None of that helped my mood, and the situation continued for a few days.
When I was younger, a day or stretch of days like this would have bothered me much more. Now, I shrug it off more easily, knowing it’s temporary. I have a solid sense it will pass and better days are ahead.
You can tell a young person this, and they might even believe you. But if they do, they still won’t know it in their bones, the way you can know something only through lived experience.
That’s one of the many things I appreciate about getting older.
A few of my favorite aging things
I honestly can’t remember now what I expected — or feared — when I turned 60. Although 60 was a big number, I wasn’t as apprehensive about it as I’d been about turning 50. But, as I’ve mentioned before, I’m pretty sure I wasn’t expecting the expansion I’ve experienced so far in my first few years of this decade.
No one tells you about this. At least, no one did in the past, though now more women are speaking up about the benefits of the later decades of life. (Men may be doing this, too, but I’m seeing it mainly from women; maybe women need age-positivity more because of the more negative way society views us as we age.)
For the most part, though, we’re sold the usual capitalist bill of goods. Why capitalist? Not just because a Flower Child like myself isn’t a fan, but because capitalism relies on selling us as much as possible — and what better way to sell us stuff than to keep us dissatisfied with our condition? There’s a lot of stuff to be sold; the global anti-aging market was estimated at $47 billion in 2023 and is expected to increase to nearly $80 billion by the early 2030s.
But what if we don’t need all that anti-aging stuff? What if aging isn’t something to be fought?
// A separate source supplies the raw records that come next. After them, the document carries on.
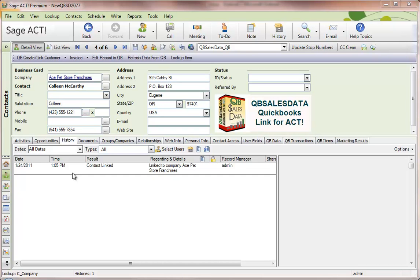After you install the QBee Sales Data program on your computer, it will run for 15 days in fully functional trial mode. To configure QBee Sales Data on your workstation, the best thing to do is work from our installation checklist. This video will take you through the items on the installation checklist.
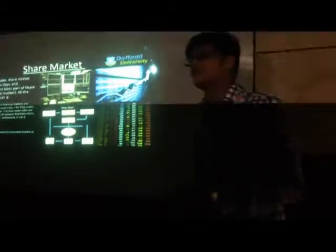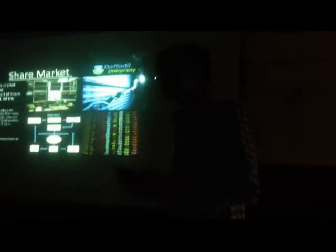Next, the share market. This is also one of the important parts where accounting and computer science are used together. Nowadays, we cannot do share business without a computer. Accounting is a basic part of the share market because everything there basically uses accounts. This is a chart showing how processing goes in the share market using the computer accounting system.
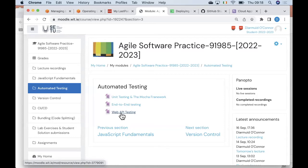It'll be the describe blocks, it blocks, and before and after hooks. There will be one new library or framework that we'll be using which will allow us to communicate with our web API over HTTP. I could have used Cypress because it does support HTTP communication, but it would be more common to use something other than Cypress for web API testing. One of the popular ones is a framework called Supertest, so we'll look at that in a minute.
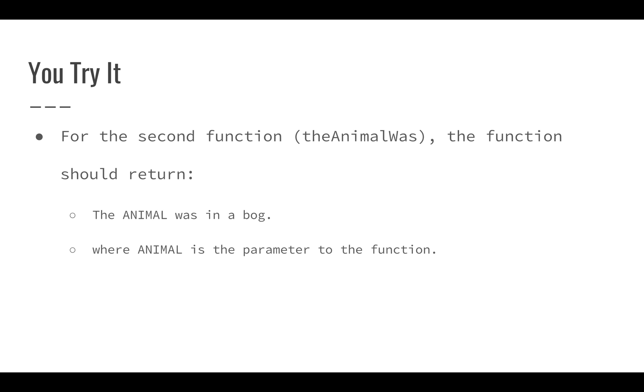Second one is going to do something similar. It's going to say the animal was in a bog, where that animal is the parameter. So if it were something like a platypus, the platypus was in a bog.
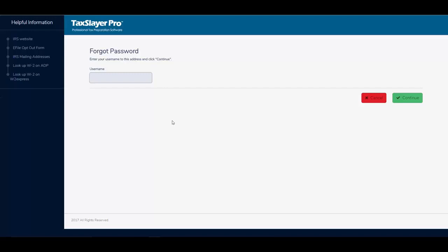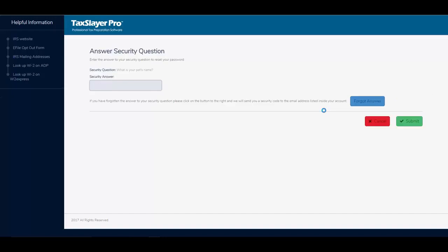We are asked to type in our username. I need to answer my security question and click submit.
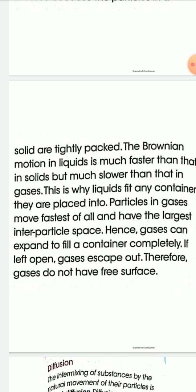Liquids diffuse quicker than solids. For example, when a drop of ink is added to a glass of water, the ink molecules diffuse into the water molecules and spread all over, making the whole water colored. This is an example of diffusion in liquids.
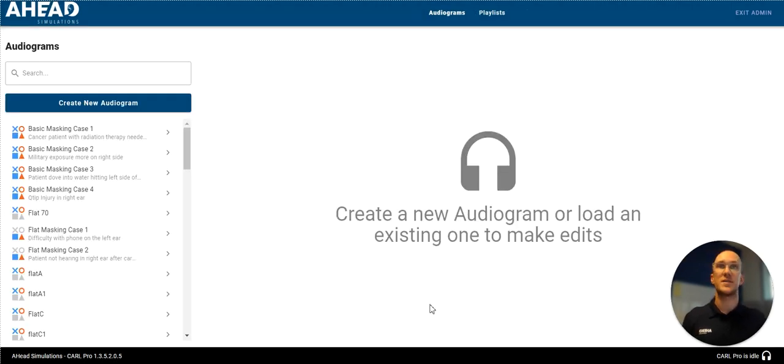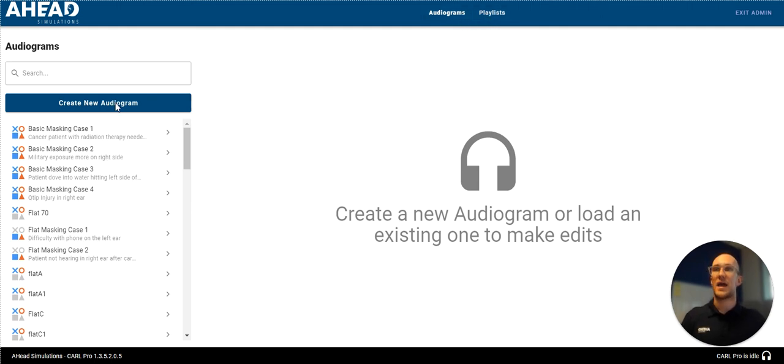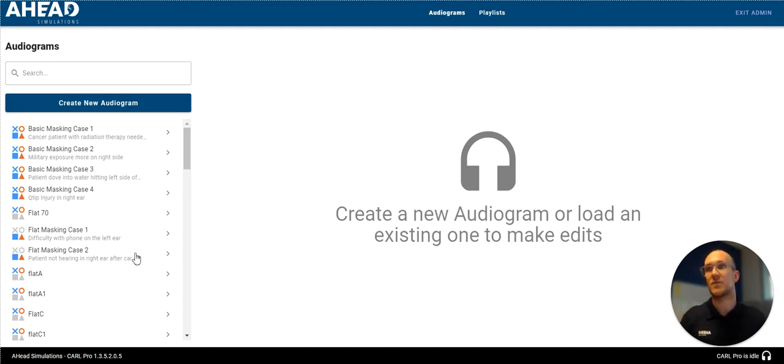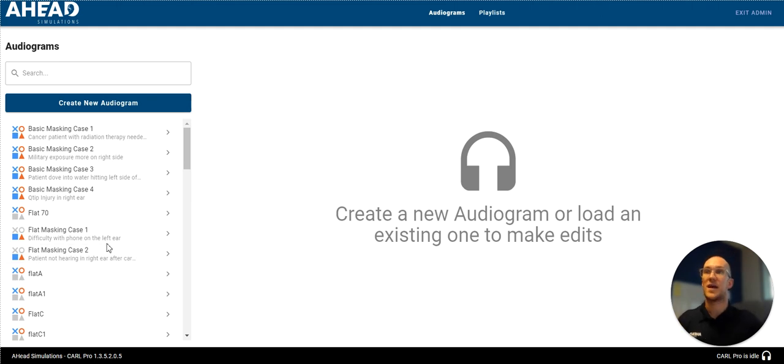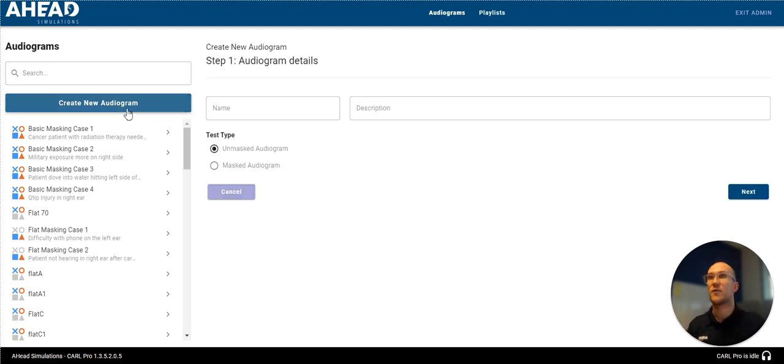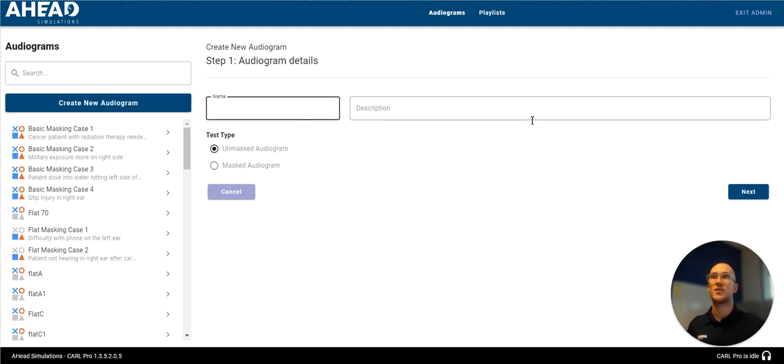When I log in, you'll see there's a little bit different of a view. You just have audiograms and playlists here. And instead of the random button that we saw before, we see a create new audiogram. We can still see all of our audiograms here that are loaded into Carl. And when we click on them, we can either edit or delete them. But today, we're going to be creating our own audiogram.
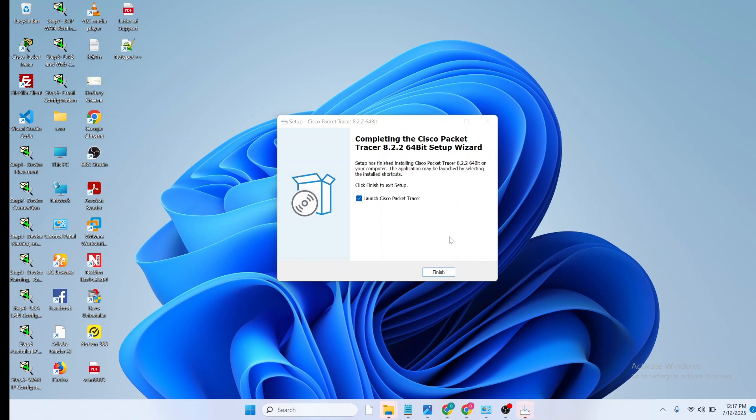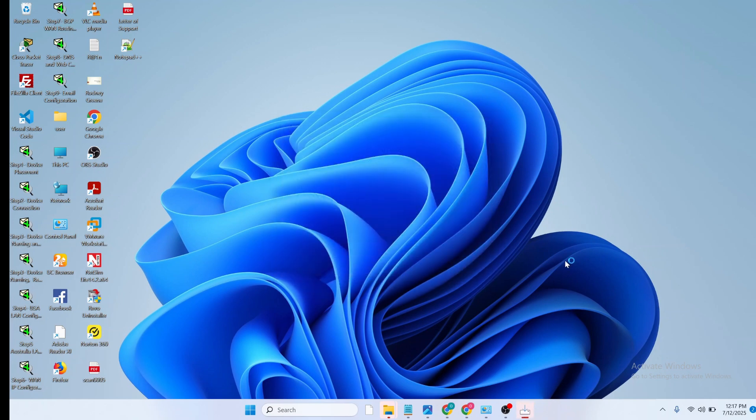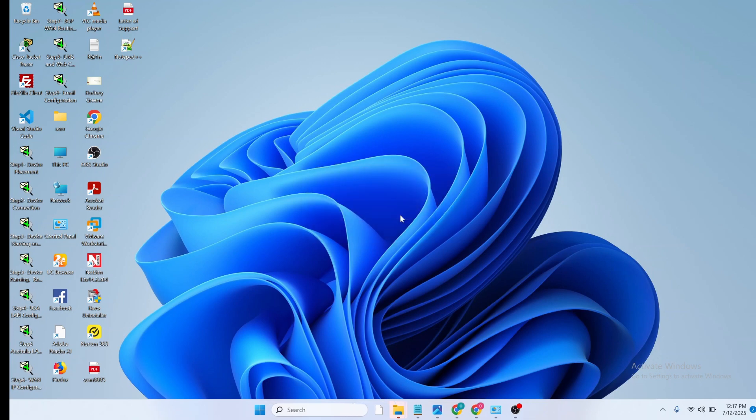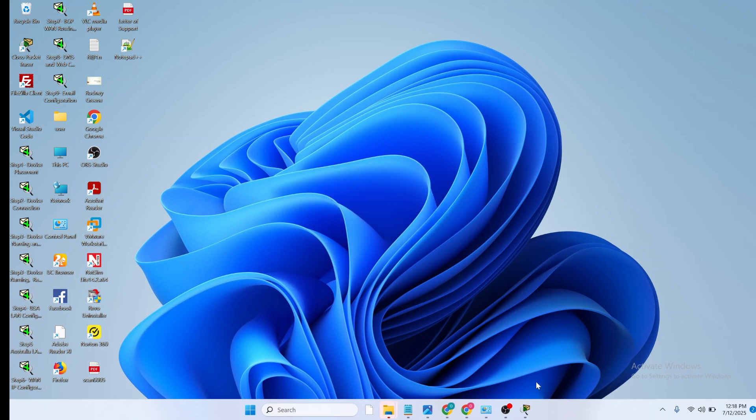Once the installation is complete, make sure the launch Cisco Packet Tracer checkbox is checked and click on finish. So we are asked a question, would you like to run multi-user when application starts? Click on yes. And Packet Tracer is open. So this is how to download and install Packet Tracer on your PC.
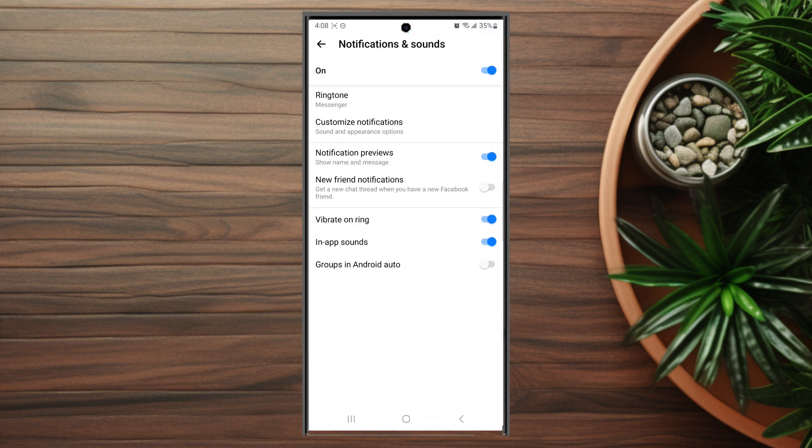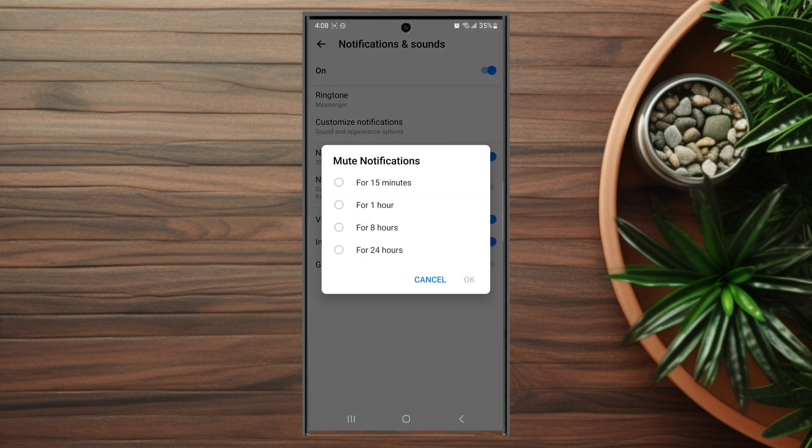After you hit notifications and sound, you'll see that the top toggle button is the button you can use to mute all notifications.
Okay, you may be thinking, you keep telling us aging is great, but what exactly is so great about it? You’ve only alluded to the benefits in passing here and there.
Well, let me spell them out for you. And before you get your knickers in a twist, I fully acknowledge we’re more likely to enjoy these benefits if we’re doing at least somewhat okay financially and physically. So here they are.
I started this post with the lesson of impermanence — one of the fundamental truths that Buddhism teaches, but one that can be fully absorbed only by accumulating lots of empirical evidence. By living it.
But that’s not all, folks.
As we age, most of us also feel more free to be who we are, rather than trying to fit a mold of who we think we should be or who we’re told we should be. We probably know ourselves better than we did before; we may have gone through numerous futile attempts to change; we’re likely to be more accepting of ourselves the way we are. I’m always trying to improve, and growing older doesn’t change that, but I’m also more realistic about my limitations and my basic nature. I’ve noticed that in old novels — say around Jane Austen’s time, before the era of self-help — while characters grow and develop, there’s also more acceptance that people simply are the way they are. Now, I’m more aligned with those old novels.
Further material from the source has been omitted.